Cordilleran Section - 113th Annual Meeting - 2017

Paper No. 28-7
Presentation Time: 8:30 AM-5:00 PM

DEVELOPING A TEPHRA DATABASE FOR IODP SITES U1417 & U1418: LATE MIOCENE TO PRESENT EVOLUTION OF ERUPTIVE VOLCANISM ALONG THE GULF OF ALASKA


BENOWITZ, Jeff, Geophysical Institute and Geochronology Laboratory, University of Alaska Fairbanks, Fairbanks, AK 99775 and ADDISON, Jason, U.S. Geological Survey, 345 Middlefield Road, MS 910, Menlo Park, WA 94025, jbenowitz@alaska.edu

The Gulf of Alaska is bordered by three volcanic zones: the Aleutian and Wrangell Volcanic Arcs, and the Northern Cordilleran Volcanic Province. All three regions have distinct geochemical signatures, and a history of explosive tephra-producing volcanic activity throughout the late Cenozoic.
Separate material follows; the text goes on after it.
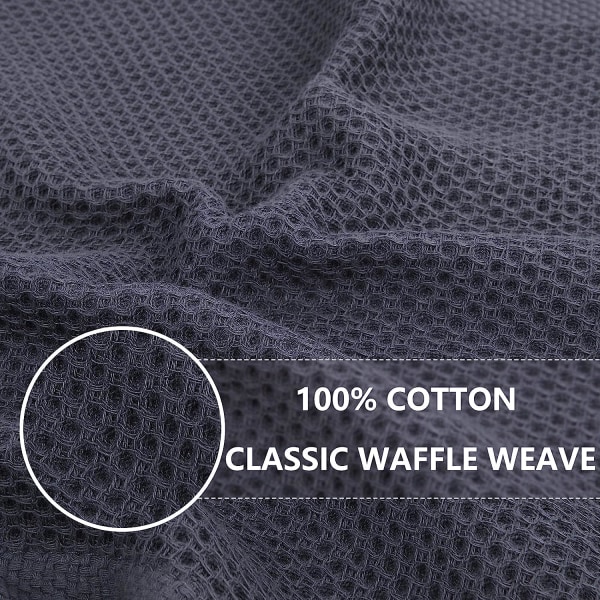 100 % Cotton Waffle Weave keittiön astiapyyhkeet, erittäin pehmeät imukykyiset nopeasti kuivuvat astiapyyhkeet, 12x12 tuumaa, 6 kpl, tummanharmaa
This study aims to characterize Cenozoic eruption frequency along the Gulf of Alaska margin using tephra-fall frequency as a proxy for eruptive activity using the tephra record recovered at Sites U1417 and U1418 during IODP Expedition 341. These findings are then evaluated in the context of known regional changes in tectonic and climate boundary forces in the Gulf of Alaska region.
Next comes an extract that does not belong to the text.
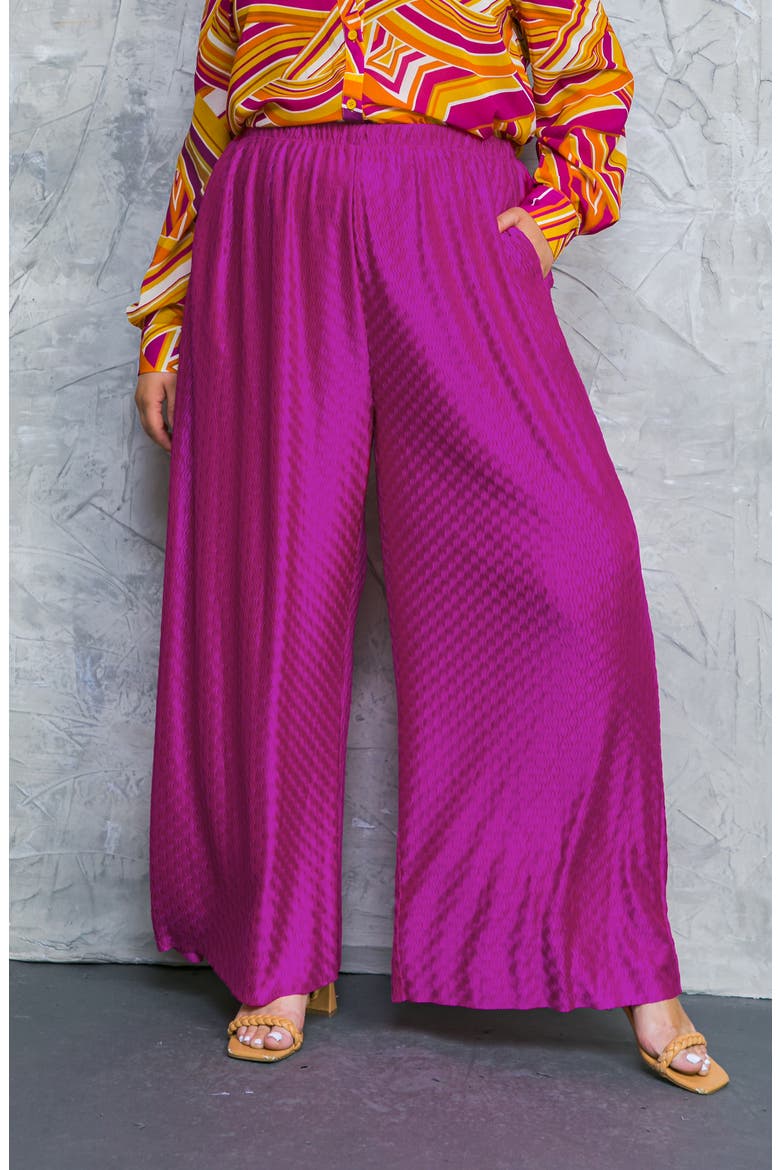 Jacquard Woven Pants, Alternate, color, FUCHSIA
Our methods include light microscopy and magnetic susceptibility identification of tephra deposits; grain-specific major and trace element geochemical fingerprinting using electron probe microanalysis and laser-ablation inductively-coupled plasma mass spectrometry; and 40Ar/39Ar radiometric dating of glass separates. Our results will be integrated with the paleomagnetic, stable d18O isotope, and microfossil chronostratigraphies developed for Sites U1417 & U1418. Further cross-verification will come from 40Ar/39Ar radiometric dating of basalt and tephra samples from nearby DSDP Site 178, as well as from published terrestrial Alaskan and Canadian Yukon tephra data. These results will provide a unique tool for constraining the true age of southern Alaska’s terrestrial tephra deposits, and will be made available to the paleoclimate and tectonic communities through online databases.

An early key finding is the identification of 129 distinct macroscopic tephras recovered during the last ~26 Ma at Site U1417, with the oldest tephra dated to ~17 Ma. There also appears to be an increase in explosive volcanism beginning around ~6 Ma, which is corroborated in the terrestrial volcanic record onshore. Following the Mid-Pleistocene Transition after ~1.2 Ma, when glacial/interglacial cycles changed from a 41-kyr to 100-kyr periodicity, the rate of explosive volcanism in the Gulf of Alaska increased by >500 %, which may reflect loading and unloading of regional magma chambers by overlying glacial icesheet(s). This last result adds to the growing body of evidence that links glacial cycles with variations in volcanic eruptive frequency.